Opinion of the Court by

Judge Ratliff

Affirming.

The appellant was tried and convicted in the Casey circuit court and sentenced to the penitentiary for two years under an indictment charging him with the crime of seduction. The indictment charged that appellant,, under promise of marriage, seduced and had carnal knowledge of Dorthy Brown, a female under the age of 21 years and not a married woman.
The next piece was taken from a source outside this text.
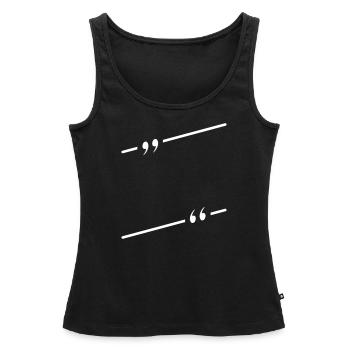 conception graphique simple avec des citations - Débardeur bio Premium Femme - noir - Devant - AI Model Female 172 light (172cm)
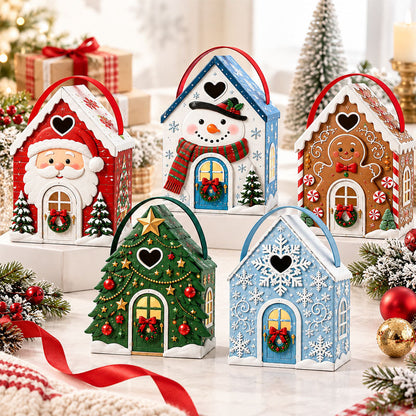 🏠🎄 Christmas Cottage Handle Gift Box — 5 Festive Designs, House‑Shaped Packaging with Carry Handle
The prosecutrix testified that she had known appellant all her life and kept company with him in 1936, at which time she was only 20 years old; that she and appellant became engaged to be married in May, 1936, and that appellant had sexual intercourse with her about the 1st of June, 1936. She was asked to tell the jury under what circumstances she had submitted to appellant and had intercourse, and she answered :

“We became engaged the last of May and he said we would be married that fall and we would have intercourse during the summer until we were married.” “Q. Would you have submitted and had intercourse with him had he not promised to marry you? A. No, sir.”
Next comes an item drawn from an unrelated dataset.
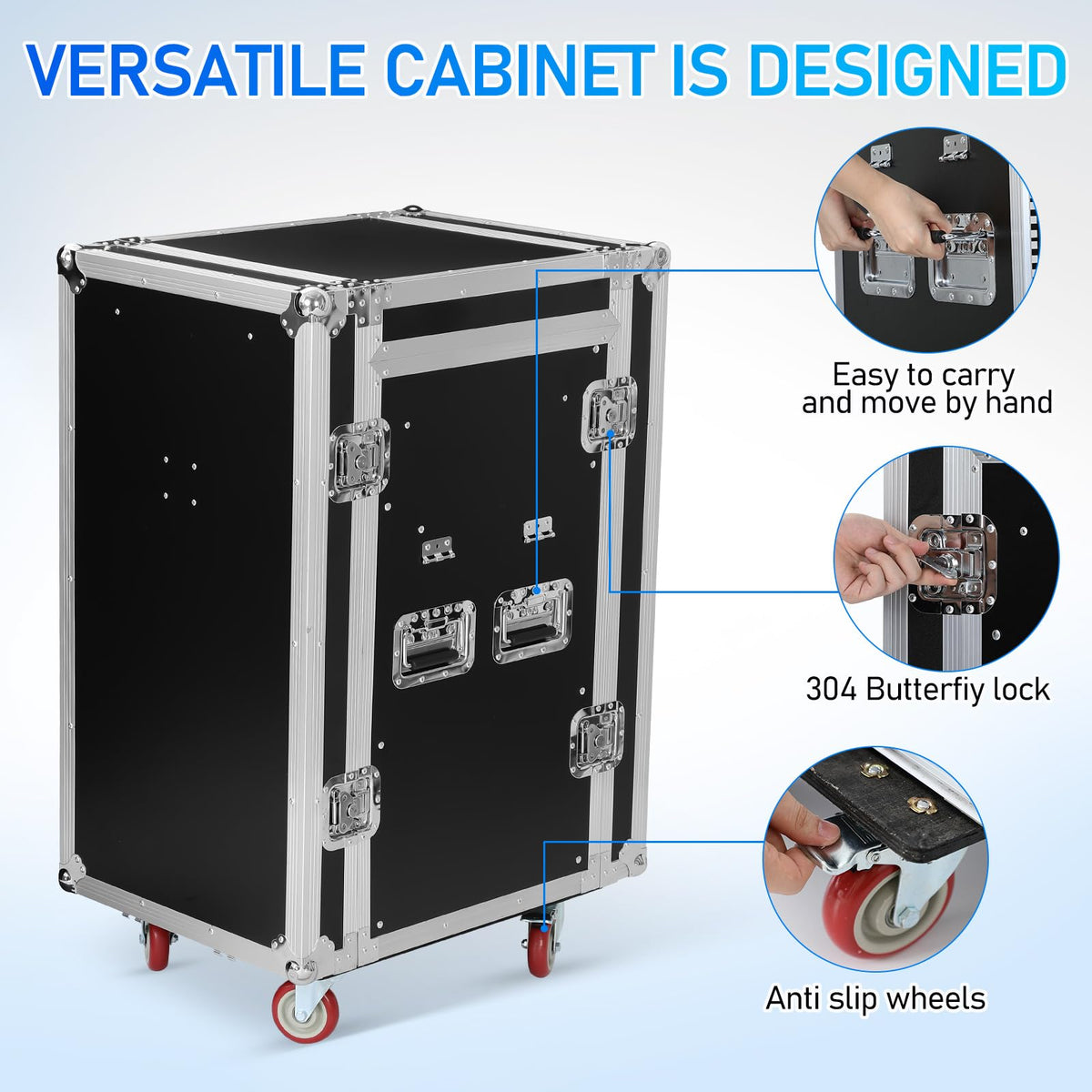 16U DJ Controller Case Rack with 2 Side Tables and 4 Casters S732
She further stated in response to questions that she had not had sexual intercourse with any one else before that time nor since.

Appellant testified that he kept company with prosecutrix in August, 1936, and awhile thereafter, but he denied that he was associated with her in May or June, 1936. He testified that he had sexual intercourse with the prosecutrix in August, 1936, but denied there was anything said between them about marriage; or that they were ever engaged to be married at any time; or that he ever promised prosecutrix that he would marry her. For the purpose of showing that prosecutrix was unchaste about the time that she and appellant were associating together, appellant introduced as witnesses *604 about four other men, all of whom testified that they had had sexual intercourse with prosecutrix along about the years 1935 and 1936, all of which prosecutrix denied in her rebuttal testimony.

The first ground argued in brief of appellant for reversal is that the court erred in refusing to instruct the jury to find appellant not guilty at the close of the testimony for the Commonwealth, and refusing a like motion made at the close of all the evidence. It is insisted that appellant’s motion should have been sustained for the following reasons: (1) because there was a fatal variance between the proof and indictment as to the date of the offense; (2) because the Commonwealth failed to prove all the elements of the offense by failing to show whether the complaining’ witness was married or single at the time of the offense; and (3) because the Commonwealth failed to prove all the elements of the offense by failing to show that the appellant had used any wiles, blandishments, or devices in order to induce prosecutrix to have intercourse with him. We will dispose of the above points in the order named.

(1) The alleged variance between indictment and the proof is that the indictment charged that the offense was committed in' 1939 and the proof to sustain this charge shows that the offense was committed in 1936. On this point but little need be said. It is commonly known that indictments charge that the offense for which the accused is indicted was committed within the year or about the time the indictment was returned, but it is sufficient if the Commonwealth proves that the offense was committed anytime before finding of indictment or within the statutory limitations, unless the time be a material ingredient in the offense. Section 129, 'Criminal Code of Practice, and cases cited in notes thereto. Section 1214, Kentucky Statutes, under which the indictment is ’drawn, provides that all prosecutions under that section shall be instituted within four years after the commission of the offense. This prosecution was instituted within three years. In the case of Arn v. Commonwealth, 225 Ky. 444, 9 S. W. (2d) 47, it was held that evidence showing that rape was committed over three years before the finding of the indictment which charged that the offense was committed within the year the indictment was returned did not entitle defendant to peremptory instruction.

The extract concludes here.